OptimizedModel

class optimum.modeling_base.OptimizedModel

< >

( model = None config = None **kwargs )

from_pretrained

< >

( model_id: typing.Union[str, pathlib.Path] from_transformers: bool = False force_download: bool = False use_auth_token: typing.Optional[str] = None cache_dir: typing.Optional[str] = None subfolder: typing.Optional[str] = '' **model_kwargs ) OptimizedModel

Parameters

  • model_id (Union[str, Path]) — Can be either:
    • A string, the model id of a pretrained model hosted inside a model repo on huggingface.co. Valid model ids can be located at the root-level, like bert-base-uncased, or namespaced under a user or organization name, like dbmdz/bert-base-german-cased.
    • A path to a directory containing a model saved using ~OptimizedModel.save_pretrained, e.g., ./my_model_directory/.
  • from_transformers (bool, optional, defaults to False) — Defines whether the provided model_id contains a vanilla Transformers checkpoint.
  • force_download (bool, optional, defaults to True) — Whether or not to force the (re-)download of the model weights and configuration files, overriding the cached versions if they exist.
  • use_auth_token (str, optional, defaults to None) — The token to use as HTTP bearer authorization for remote files. If True, will use the token generated when running transformers-cli login (stored in ~/.huggingface).
  • cache_dir (str, optional, defaults to None) — Path to a directory in which a downloaded pretrained model configuration should be cached if the standard cache should not be used.
  • local_files_only(bool, optional, defaults to False) — Whether or not to only look at local files (i.e., do not try to download the model).
  • subfolder (str, optional, defaults to "") — In case the relevant files are located inside a subfolder of the model repo either locally or on huggingface.co, you can specify the folder name here.

Returns

OptimizedModel

The loaded optimized model.

Instantiate a pretrained model from a pre-trained model configuration.

save_pretrained

< >

( save_directory: typing.Union[str, os.PathLike] push_to_hub: bool = False **kwargs )

Parameters

  • save_directory (str or os.PathLike) — Directory to which to save. Will be created if it doesn’t exist.
  • push_to_hub (bool, optional, defaults to False) — Whether or not to push your model to the Hugging Face model hub after saving it.

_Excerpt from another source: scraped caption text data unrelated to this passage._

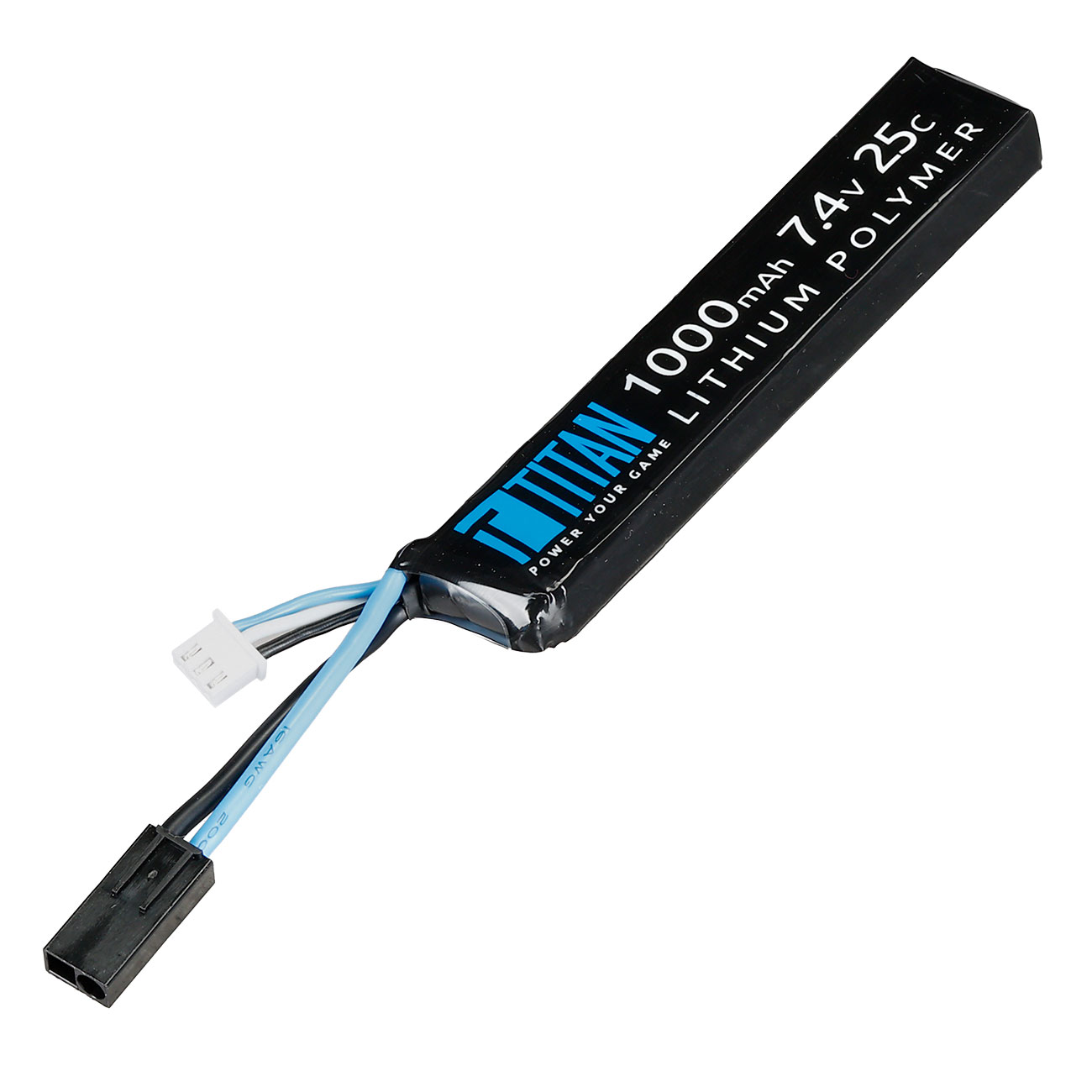 Titan LiPo Akku 7.4V 1000mAh 25C Stock-Tube Type mit Mini-Tam Anschluss Bild 1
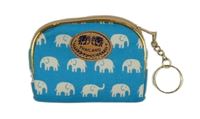 Modrá mini peněženka so slonmi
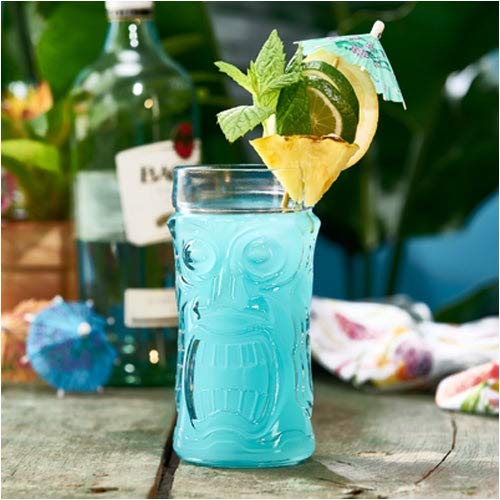 Screaming Tiki Cooler Glasses & Picks Set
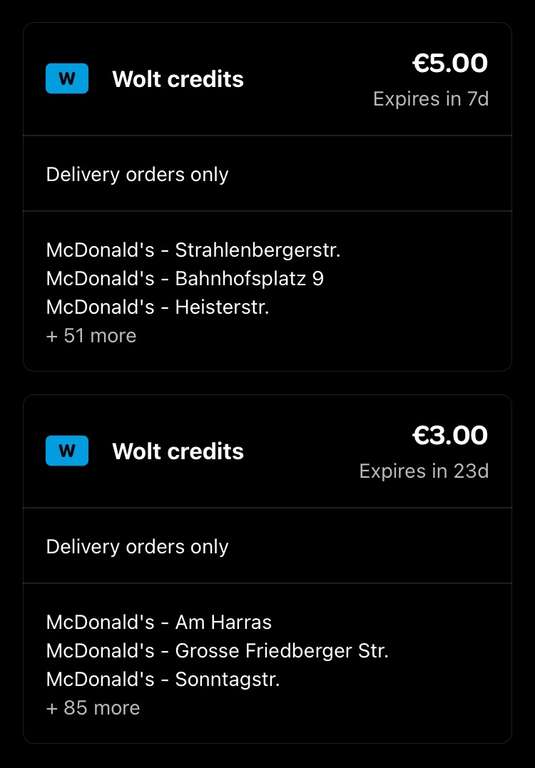 [ausgewählte Filialen] 5€ Rabatt auf 1. McDonald's Bestellung (Bestandskunden, Liefer-Bestellungen)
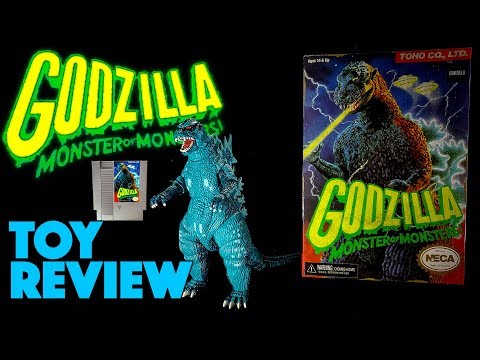 UNBOXING! NECA Godzilla Monster of Monsters 1988 NES Video Game Version 12” Head to Tail Figure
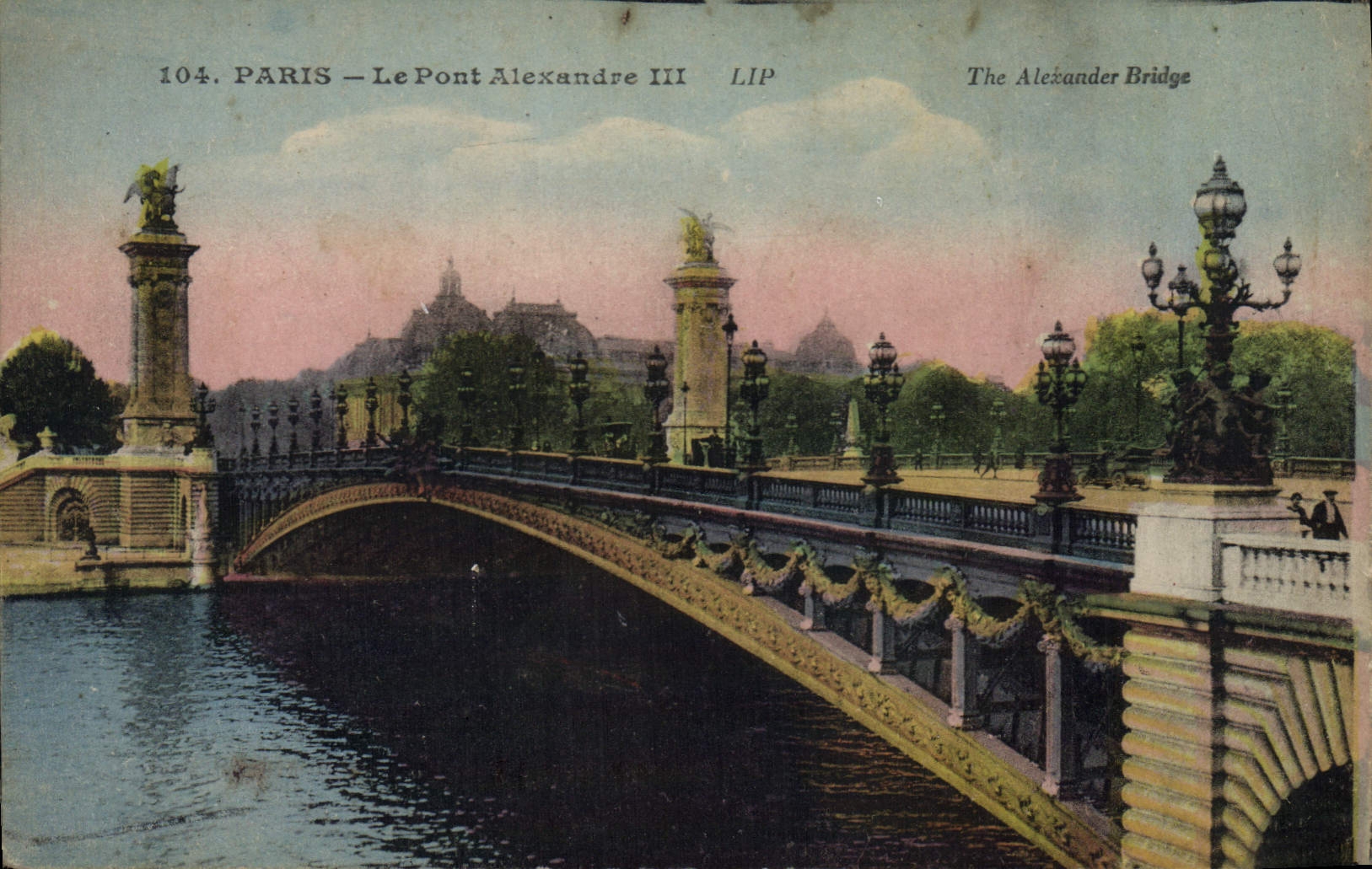 CPA Paris Le Pont Alexandre III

    Using push_to_hub=True will synchronize the repository you are pushing to with save_directory, which requires save_directory to be a local clone of the repo you are pushing to if it’s an existing folder. Pass along temp_dir=True to use a temporary directory instead.

Save a model and its configuration file to a directory, so that it can be re-loaded using the from_pretrained() class method.